In [None]:
import pandas as pd
import numpy as np
from sklearn.impute import SimpleImputer
from sklearn.preprocessing import StandardScaler, OneHotEncoder
from sklearn.compose import ColumnTransformer
from sklearn.pipeline import Pipeline
import matplotlib.pyplot as plt
import seaborn as sns
import datetime

# Load data
fraud_data = pd.read_csv('Fraud_Data.csv')
ip_data = pd.read_csv('IpAddress_to_Country.csv')

# Handle Missing Values
# Impute or drop missing values
imputer = SimpleImputer(strategy='median')
fraud_data = pd.DataFrame(imputer.fit_transform(fraud_data), columns=fraud_data.columns)

# Data Cleaning
# Remove duplicates
fraud_data = fraud_data.drop_duplicates()

# Correct data types
fraud_data['signup_time'] = pd.to_datetime(fraud_data['signup_time'])
fraud_data['purchase_time'] = pd.to_datetime(fraud_data['purchase_time'])
fraud_data['ip_address'] = fraud_data['ip_address'].astype(int)

# Exploratory Data Analysis (EDA)
# Univariate analysis
plt.figure(figsize=(12, 6))
sns.histplot(fraud_data['purchase_value'], bins=30, kde=True)
plt.title('Distribution of Purchase Value')
plt.show()

plt.figure(figsize=(12, 6))
sns.countplot(x='class', data=fraud_data)
plt.title('Class Distribution')
plt.show()

# Bivariate analysis
plt.figure(figsize=(12, 6))
sns.boxplot(x='class', y='purchase_value', data=fraud_data)
plt.title('Purchase Value by Class')
plt.show()

plt.figure(figsize=(12, 6))
sns.scatterplot(x='purchase_value', y='age', hue='class', data=fraud_data)
plt.title('Purchase Value vs. Age')
plt.show()

# Merge Datasets for Geolocation Analysis
# Convert IP addresses to integer format
ip_data['lower_bound_ip_address'] = ip_data['lower_bound_ip_address'].apply(lambda x: int(x.replace('.', '')))
ip_data['upper_bound_ip_address'] = ip_data['upper_bound_ip_address'].apply(lambda x: int(x.replace('.', '')))
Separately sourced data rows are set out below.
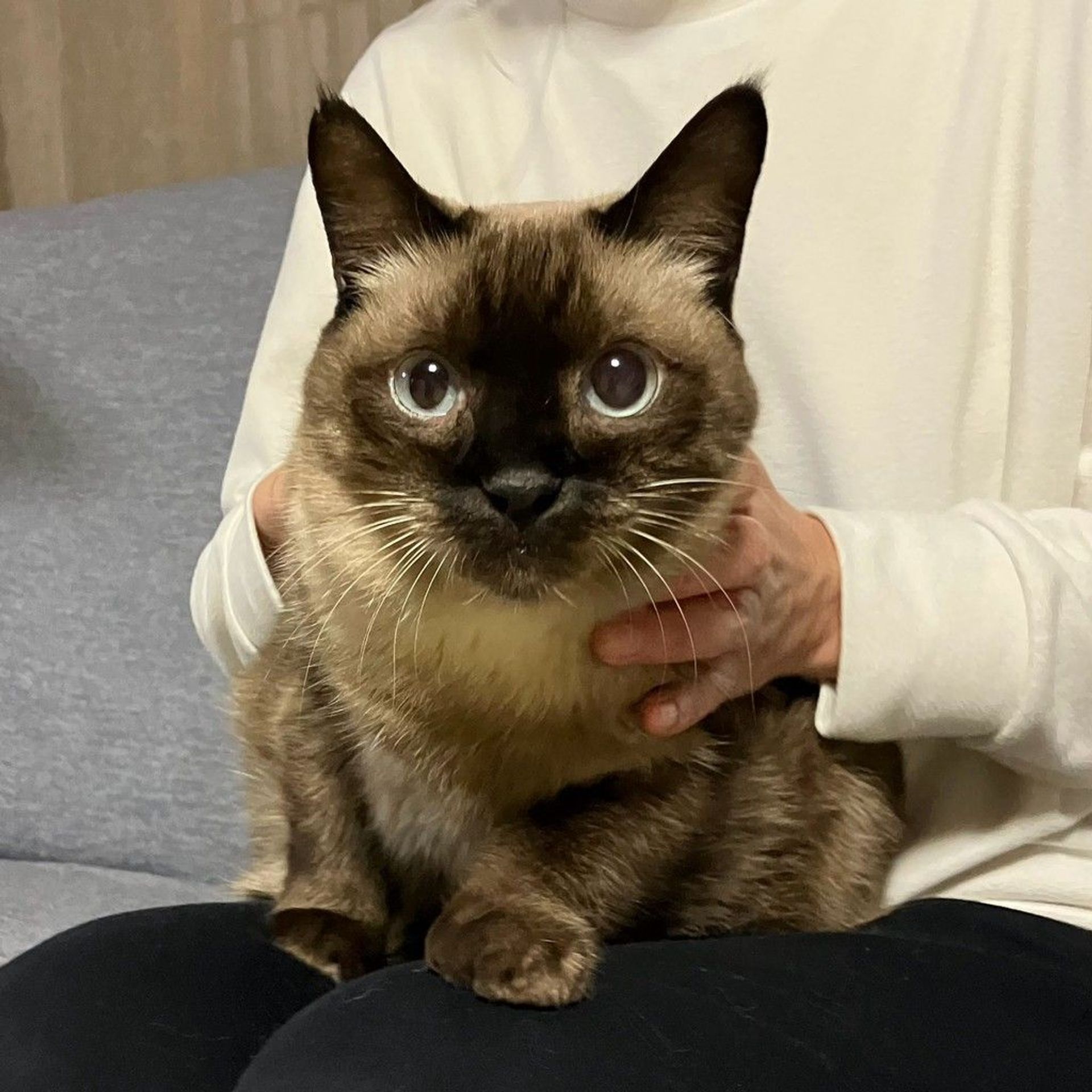 雑種（ミックス猫）・メスの里親募集の写真
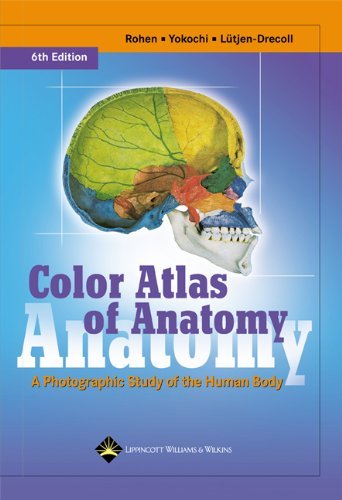 Color Atlas of Anatomy: A Photographic Study of the Human Body (Color Atlas of Anatomy (Rohen)) by Johannes W. Rohen MD (2006-04-21)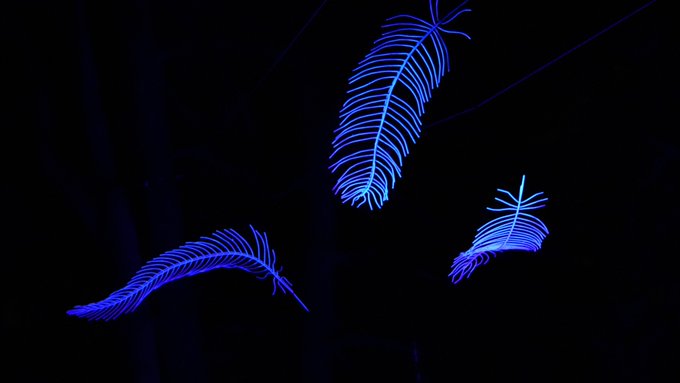 A dark image showing three glowing blue neon-style feather or leaf-shaped light decorations against a black background.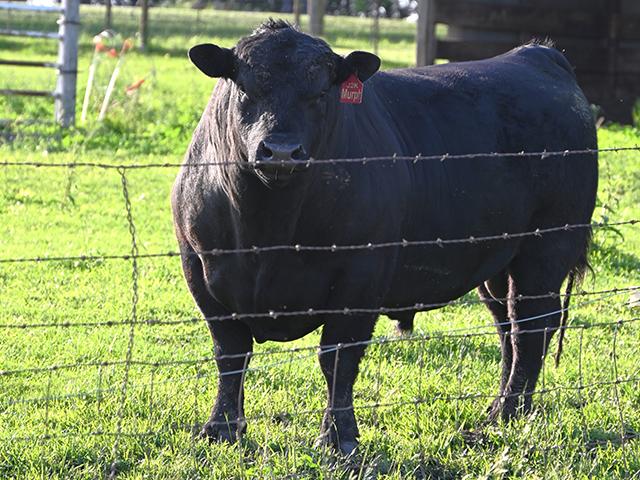 There is a long list of things that can go wrong with a bull, most of which can be detected with an annual breeding soundness exam. (Progressive Farmer file photo)
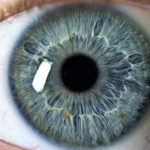 Интересные факты о глазах и зрении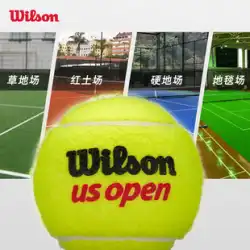 正規品 ウィルソン Wilson テニス 全仏オープン 全米オープン専用 プロゲーム ウィルソン 初心者練習用トレーニングボール
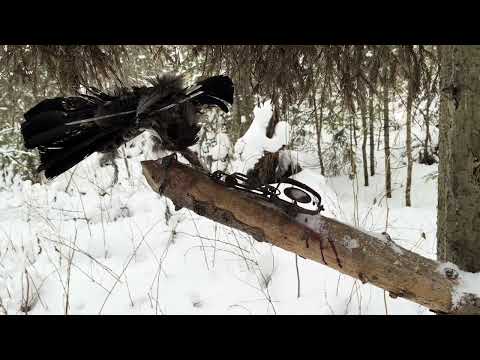 Видео: Установка обычного традиционного капкана, на белку и колонка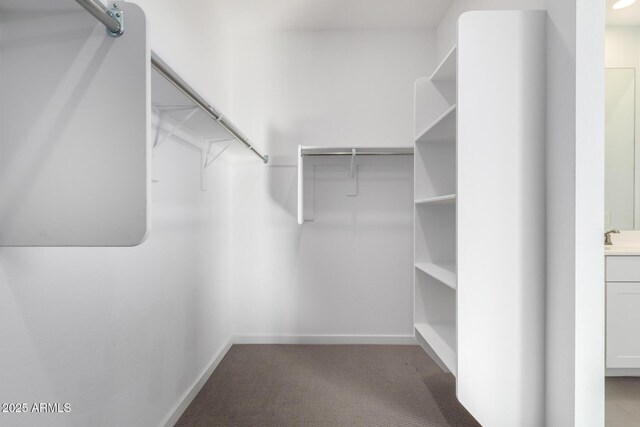 1523 S 223rd Dr, Buckeye, AZ 85326 - walk in closet with carpet flooring and a sink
# Merge Fraud_Data.csv with IpAddress_to_Country.csv
fraud_data = pd.merge(fraud_data, ip_data, how='left', left_on='ip_address', right_on='lower_bound_ip_address')

# Feature Engineering
# Transaction frequency and velocity for Fraud_Data.csv
fraud_data['signup_time'] = pd.to_datetime(fraud_data['signup_time'])
fraud_data['purchase_time'] = pd.to_datetime(fraud_data['purchase_time'])
fraud_data['time_diff'] = (fraud_data['purchase_time'] - fraud_data['signup_time']).dt.total_seconds()

# Time-Based features for Fraud_Data.csv
fraud_data['hour_of_day'] = fraud_data['purchase_time'].dt.hour
fraud_data['day_of_week'] = fraud_data['purchase_time'].dt.dayofweek

# Normalization and Scaling
scaler = StandardScaler()
fraud_data[['purchase_value', 'age', 'time_diff']] = scaler.fit_transform(fraud_data[['purchase_value', 'age', 'time_diff']])

# Encode Categorical Features
categorical_features = ['source', 'browser', 'sex']
encoder = OneHotEncoder()
encoded_features = pd.DataFrame(encoder.fit_transform(fraud_data[categorical_features]).toarray(), columns=encoder.get_feature_names_out(categorical_features))
fraud_data = pd.concat([fraud_data, encoded_features], axis=1)
fraud_data = fraud_data.drop(categorical_features, axis=1)

# Save the cleaned and processed data
fraud_data.to_csv('cleaned_fraud_data.csv', index=False)